Work order »
Pictures stay out of the copy. Retype exactly the lines below from the one with "Beautiful natural scenery" through the one with "Bwin là một".

Available data »
- - -

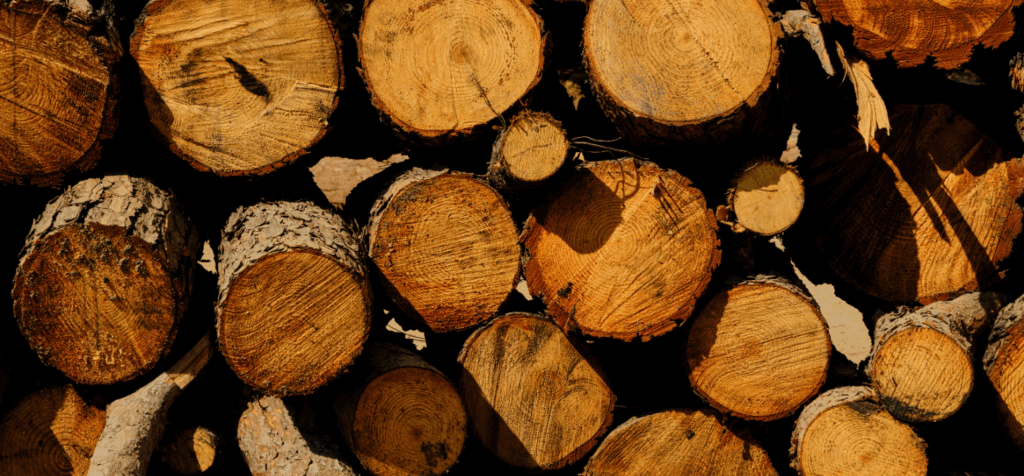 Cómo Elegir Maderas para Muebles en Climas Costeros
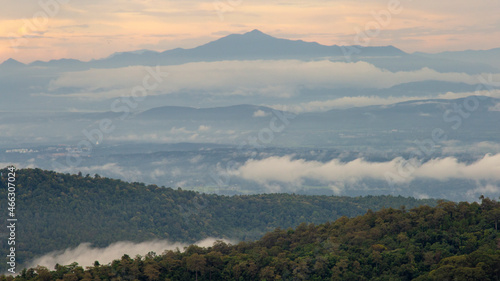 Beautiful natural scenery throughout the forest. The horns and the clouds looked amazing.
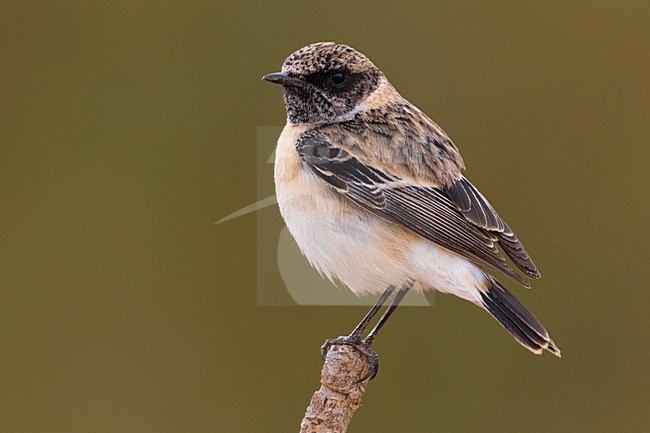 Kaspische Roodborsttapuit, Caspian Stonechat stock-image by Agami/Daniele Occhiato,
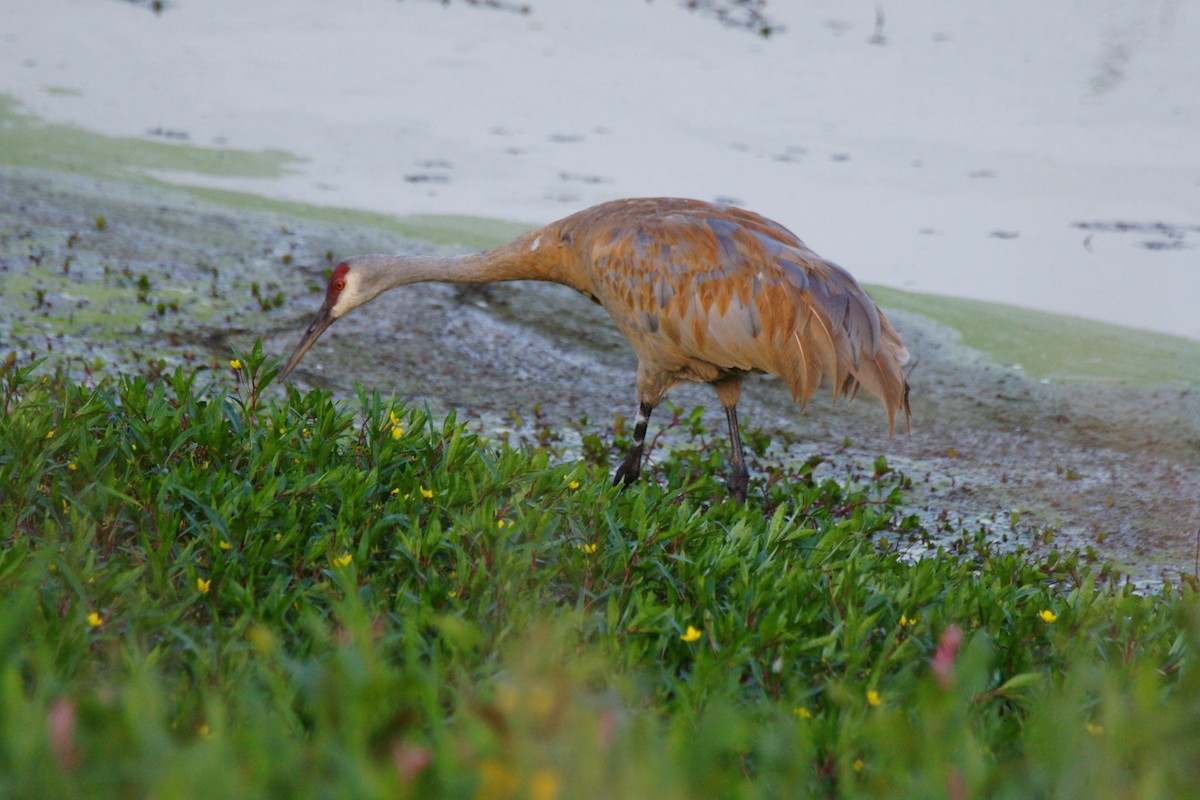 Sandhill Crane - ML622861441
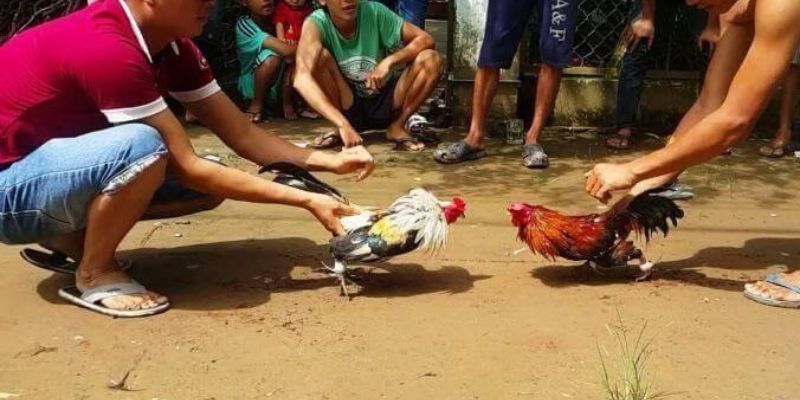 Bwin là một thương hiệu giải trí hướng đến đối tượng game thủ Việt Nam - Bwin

- - -

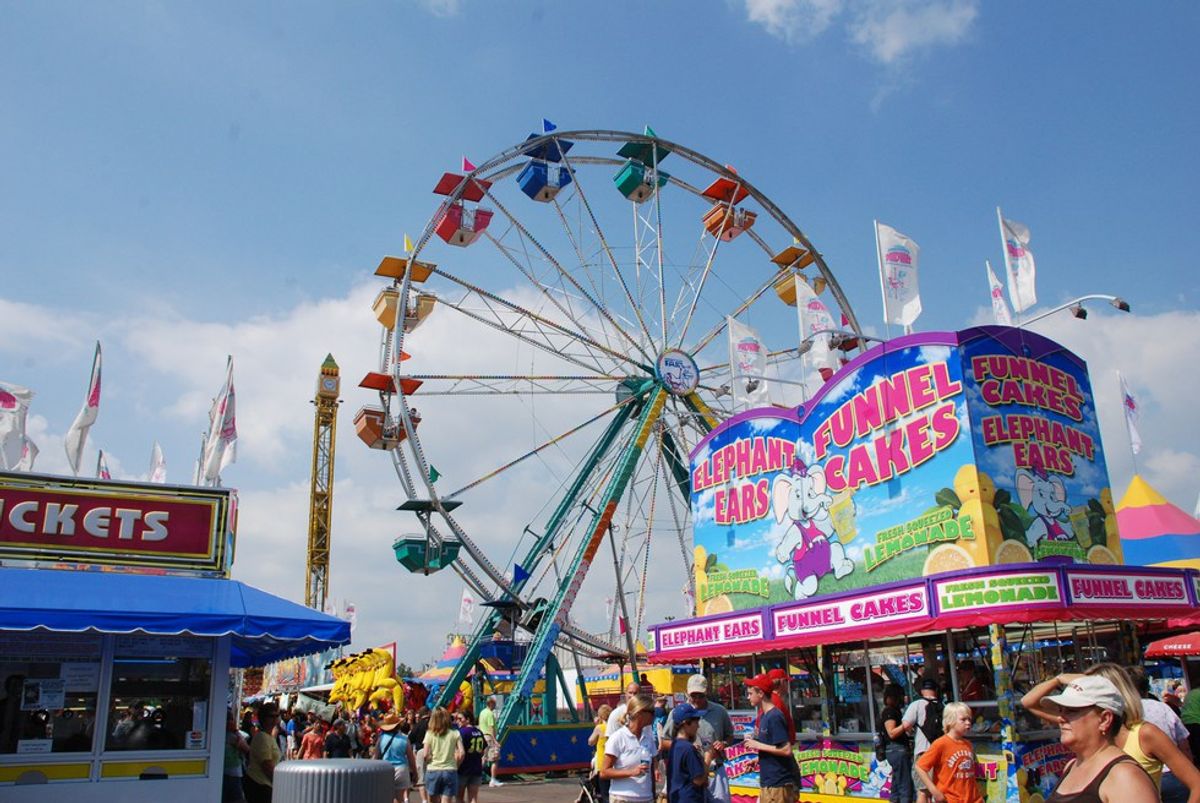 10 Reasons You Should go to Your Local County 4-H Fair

- - -

Response to the task »
 Beautiful natural scenery throughout the forest. The horns and the clouds looked amazing.
 Kaspische Roodborsttapuit, Caspian Stonechat stock-image by Agami/Daniele Occhiato,
 Sandhill Crane - ML622861441
 Bwin là một thương hiệu giải trí hướng đến đối tượng game thủ Việt Nam - Bwin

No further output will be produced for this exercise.